ABOUT THIS TASK = Sort through the entries below and pull out lines containing the word "eggs".

(Saved entries)
....
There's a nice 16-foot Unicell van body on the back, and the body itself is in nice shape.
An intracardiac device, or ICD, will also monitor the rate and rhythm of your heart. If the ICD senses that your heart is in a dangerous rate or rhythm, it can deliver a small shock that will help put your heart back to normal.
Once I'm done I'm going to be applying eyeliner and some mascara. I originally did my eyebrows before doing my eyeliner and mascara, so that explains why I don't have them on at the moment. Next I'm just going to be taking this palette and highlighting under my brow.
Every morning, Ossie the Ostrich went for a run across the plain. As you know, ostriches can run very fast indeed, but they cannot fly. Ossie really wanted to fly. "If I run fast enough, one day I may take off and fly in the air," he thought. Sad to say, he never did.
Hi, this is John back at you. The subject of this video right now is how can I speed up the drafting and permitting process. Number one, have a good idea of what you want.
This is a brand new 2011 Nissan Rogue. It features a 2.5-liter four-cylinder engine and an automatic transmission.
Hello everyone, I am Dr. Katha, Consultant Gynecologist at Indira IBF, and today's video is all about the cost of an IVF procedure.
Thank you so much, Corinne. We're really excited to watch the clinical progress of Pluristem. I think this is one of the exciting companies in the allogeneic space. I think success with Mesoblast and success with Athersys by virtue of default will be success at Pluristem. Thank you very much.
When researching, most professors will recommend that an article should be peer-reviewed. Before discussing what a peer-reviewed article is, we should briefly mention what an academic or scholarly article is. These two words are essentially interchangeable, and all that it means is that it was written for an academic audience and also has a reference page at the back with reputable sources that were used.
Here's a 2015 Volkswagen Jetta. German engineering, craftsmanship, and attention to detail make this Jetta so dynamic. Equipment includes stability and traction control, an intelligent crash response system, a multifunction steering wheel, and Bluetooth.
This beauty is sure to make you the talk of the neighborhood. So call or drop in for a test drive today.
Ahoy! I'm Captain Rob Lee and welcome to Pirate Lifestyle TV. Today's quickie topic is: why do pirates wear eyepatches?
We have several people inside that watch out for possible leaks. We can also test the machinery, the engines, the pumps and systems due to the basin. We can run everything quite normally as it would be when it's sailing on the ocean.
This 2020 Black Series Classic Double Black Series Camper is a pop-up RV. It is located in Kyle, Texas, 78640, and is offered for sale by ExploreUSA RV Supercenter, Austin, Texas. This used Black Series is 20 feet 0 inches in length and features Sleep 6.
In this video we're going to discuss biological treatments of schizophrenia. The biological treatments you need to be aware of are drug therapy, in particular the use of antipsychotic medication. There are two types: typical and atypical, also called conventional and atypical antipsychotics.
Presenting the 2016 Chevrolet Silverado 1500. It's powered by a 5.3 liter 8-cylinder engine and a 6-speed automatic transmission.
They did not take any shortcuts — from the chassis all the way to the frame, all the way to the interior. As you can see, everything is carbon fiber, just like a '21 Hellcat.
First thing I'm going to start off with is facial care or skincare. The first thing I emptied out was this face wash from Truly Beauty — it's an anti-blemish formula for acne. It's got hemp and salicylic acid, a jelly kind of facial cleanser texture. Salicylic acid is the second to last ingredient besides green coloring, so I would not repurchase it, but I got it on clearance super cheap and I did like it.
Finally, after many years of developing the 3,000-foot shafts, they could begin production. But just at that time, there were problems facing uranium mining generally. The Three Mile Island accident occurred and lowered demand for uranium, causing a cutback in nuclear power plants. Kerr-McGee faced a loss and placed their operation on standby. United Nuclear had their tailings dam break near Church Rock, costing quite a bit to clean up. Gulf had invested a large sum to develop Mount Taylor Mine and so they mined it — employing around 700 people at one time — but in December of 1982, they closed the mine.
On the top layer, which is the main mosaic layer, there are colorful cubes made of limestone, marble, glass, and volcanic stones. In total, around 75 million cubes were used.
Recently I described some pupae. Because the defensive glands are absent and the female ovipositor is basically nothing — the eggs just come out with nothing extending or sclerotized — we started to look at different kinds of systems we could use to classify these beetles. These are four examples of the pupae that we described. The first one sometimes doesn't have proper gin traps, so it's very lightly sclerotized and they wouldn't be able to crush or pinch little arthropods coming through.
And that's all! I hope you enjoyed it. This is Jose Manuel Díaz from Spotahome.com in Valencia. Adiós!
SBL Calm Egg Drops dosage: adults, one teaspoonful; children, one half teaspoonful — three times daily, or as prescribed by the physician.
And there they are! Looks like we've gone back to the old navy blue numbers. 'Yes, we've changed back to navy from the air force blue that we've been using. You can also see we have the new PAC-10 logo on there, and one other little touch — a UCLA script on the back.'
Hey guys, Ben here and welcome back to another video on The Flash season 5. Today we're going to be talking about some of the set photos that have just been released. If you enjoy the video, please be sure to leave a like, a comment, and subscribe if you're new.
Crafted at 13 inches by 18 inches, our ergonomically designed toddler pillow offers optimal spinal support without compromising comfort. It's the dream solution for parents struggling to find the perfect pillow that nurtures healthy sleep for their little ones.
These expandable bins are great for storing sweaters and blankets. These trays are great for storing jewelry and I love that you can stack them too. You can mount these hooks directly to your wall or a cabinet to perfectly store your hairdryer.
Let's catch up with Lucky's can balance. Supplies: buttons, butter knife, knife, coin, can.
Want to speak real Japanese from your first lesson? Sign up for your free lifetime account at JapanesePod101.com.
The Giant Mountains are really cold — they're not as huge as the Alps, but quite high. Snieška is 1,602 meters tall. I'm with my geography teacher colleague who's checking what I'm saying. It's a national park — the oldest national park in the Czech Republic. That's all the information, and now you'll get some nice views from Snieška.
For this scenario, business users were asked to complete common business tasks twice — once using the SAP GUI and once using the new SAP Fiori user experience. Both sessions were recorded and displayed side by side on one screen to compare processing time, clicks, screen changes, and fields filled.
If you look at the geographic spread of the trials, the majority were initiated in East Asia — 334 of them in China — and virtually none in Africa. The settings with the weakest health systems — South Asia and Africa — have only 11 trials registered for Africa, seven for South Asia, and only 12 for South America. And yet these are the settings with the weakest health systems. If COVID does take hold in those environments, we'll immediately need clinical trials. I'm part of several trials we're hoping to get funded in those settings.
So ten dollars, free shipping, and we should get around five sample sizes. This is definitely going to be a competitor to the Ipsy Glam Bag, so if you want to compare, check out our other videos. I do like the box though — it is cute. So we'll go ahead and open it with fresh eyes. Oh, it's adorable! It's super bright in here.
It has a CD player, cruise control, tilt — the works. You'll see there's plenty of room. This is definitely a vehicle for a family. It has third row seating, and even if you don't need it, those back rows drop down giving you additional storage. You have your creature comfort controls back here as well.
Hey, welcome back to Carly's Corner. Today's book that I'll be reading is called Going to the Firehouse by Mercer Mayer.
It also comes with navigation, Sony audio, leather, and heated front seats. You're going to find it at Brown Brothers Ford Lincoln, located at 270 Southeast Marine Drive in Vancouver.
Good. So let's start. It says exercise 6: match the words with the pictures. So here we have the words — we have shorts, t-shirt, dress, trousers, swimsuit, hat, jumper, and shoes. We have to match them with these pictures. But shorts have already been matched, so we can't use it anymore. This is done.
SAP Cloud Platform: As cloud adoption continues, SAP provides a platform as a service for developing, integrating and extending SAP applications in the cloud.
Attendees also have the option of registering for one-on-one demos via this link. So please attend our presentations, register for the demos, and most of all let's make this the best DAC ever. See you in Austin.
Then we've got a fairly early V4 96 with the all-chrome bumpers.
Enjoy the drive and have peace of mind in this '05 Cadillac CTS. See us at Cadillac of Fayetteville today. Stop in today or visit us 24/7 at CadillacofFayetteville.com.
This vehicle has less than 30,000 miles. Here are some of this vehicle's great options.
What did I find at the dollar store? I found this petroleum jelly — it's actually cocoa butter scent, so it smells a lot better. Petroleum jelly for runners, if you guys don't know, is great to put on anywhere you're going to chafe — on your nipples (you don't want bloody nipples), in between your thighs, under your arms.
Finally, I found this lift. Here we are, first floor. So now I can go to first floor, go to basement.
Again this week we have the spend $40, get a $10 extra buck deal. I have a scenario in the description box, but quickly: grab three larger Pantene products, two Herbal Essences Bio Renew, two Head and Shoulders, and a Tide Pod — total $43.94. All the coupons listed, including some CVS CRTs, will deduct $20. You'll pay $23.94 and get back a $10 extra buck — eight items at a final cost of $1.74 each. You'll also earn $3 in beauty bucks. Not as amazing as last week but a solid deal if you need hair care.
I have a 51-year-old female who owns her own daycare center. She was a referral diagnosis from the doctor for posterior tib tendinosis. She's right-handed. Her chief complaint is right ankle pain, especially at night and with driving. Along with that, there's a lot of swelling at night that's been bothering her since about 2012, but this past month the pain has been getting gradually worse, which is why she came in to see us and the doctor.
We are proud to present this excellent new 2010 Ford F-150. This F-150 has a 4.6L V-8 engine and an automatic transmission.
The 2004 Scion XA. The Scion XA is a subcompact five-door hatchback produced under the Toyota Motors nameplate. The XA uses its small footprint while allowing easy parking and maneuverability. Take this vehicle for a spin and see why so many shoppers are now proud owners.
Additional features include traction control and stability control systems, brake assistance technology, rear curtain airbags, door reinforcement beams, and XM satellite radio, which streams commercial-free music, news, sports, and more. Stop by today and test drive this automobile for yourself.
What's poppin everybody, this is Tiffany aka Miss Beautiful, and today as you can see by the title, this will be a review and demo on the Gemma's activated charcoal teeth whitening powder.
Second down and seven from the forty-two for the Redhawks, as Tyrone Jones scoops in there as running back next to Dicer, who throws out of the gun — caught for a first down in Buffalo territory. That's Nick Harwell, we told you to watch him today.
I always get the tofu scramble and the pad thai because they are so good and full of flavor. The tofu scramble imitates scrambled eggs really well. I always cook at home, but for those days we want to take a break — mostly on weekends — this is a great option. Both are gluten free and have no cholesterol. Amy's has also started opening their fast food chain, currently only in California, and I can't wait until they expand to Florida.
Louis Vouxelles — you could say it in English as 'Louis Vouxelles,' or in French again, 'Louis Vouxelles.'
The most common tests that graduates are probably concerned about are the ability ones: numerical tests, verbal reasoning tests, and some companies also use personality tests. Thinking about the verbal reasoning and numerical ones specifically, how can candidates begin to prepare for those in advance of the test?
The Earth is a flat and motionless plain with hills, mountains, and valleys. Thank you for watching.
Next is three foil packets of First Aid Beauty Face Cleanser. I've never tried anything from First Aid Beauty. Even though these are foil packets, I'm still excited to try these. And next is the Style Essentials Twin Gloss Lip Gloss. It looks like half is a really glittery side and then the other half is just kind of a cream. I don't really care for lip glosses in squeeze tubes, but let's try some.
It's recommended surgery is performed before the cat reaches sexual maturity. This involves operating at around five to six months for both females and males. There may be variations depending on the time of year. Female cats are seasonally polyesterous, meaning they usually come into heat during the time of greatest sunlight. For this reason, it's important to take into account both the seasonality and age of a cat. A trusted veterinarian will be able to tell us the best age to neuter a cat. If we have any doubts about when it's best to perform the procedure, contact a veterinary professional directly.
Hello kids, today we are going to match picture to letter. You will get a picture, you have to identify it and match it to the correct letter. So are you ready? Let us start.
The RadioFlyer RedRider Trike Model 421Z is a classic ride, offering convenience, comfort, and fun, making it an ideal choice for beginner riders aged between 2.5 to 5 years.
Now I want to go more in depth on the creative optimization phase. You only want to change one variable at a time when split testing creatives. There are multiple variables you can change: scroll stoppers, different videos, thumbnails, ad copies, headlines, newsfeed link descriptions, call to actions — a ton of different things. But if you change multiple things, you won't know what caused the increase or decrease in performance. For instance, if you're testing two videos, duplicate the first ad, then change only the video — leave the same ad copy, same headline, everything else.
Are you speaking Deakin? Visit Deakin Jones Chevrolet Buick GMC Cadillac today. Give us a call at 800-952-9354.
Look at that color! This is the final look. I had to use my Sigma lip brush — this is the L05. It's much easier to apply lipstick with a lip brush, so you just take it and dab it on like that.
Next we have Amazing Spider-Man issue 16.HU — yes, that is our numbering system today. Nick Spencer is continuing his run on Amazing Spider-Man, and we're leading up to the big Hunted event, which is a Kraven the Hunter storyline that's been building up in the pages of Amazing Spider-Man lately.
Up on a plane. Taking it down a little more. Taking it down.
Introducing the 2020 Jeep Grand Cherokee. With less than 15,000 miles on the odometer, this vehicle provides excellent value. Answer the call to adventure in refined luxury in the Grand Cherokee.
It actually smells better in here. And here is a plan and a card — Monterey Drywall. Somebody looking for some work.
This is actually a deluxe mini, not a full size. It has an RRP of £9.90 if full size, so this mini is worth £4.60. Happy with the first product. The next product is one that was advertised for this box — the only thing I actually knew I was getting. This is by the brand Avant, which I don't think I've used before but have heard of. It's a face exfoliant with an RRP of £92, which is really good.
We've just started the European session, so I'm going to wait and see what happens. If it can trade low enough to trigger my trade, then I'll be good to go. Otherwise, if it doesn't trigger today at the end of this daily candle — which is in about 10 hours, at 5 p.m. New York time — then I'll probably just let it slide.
....
WRITTEN REPLY =
Recently I described some pupae. Because the defensive glands are absent and the female ovipositor is basically nothing — the eggs just come out with nothing extending or sclerotized — we started to look at different kinds of systems we could use to classify these beetles. These are four examples of the pupae that we described. The first one sometimes doesn't have proper gin traps, so it's very lightly sclerotized and they wouldn't be able to crush or pinch little arthropods coming through.
I always get the tofu scramble and the pad thai because they are so good and full of flavor. The tofu scramble imitates scrambled eggs really well. I always cook at home, but for those days we want to take a break — mostly on weekends — this is a great option. Both are gluten free and have no cholesterol. Amy's has also started opening their fast food chain, currently only in California, and I can't wait until they expand to Florida.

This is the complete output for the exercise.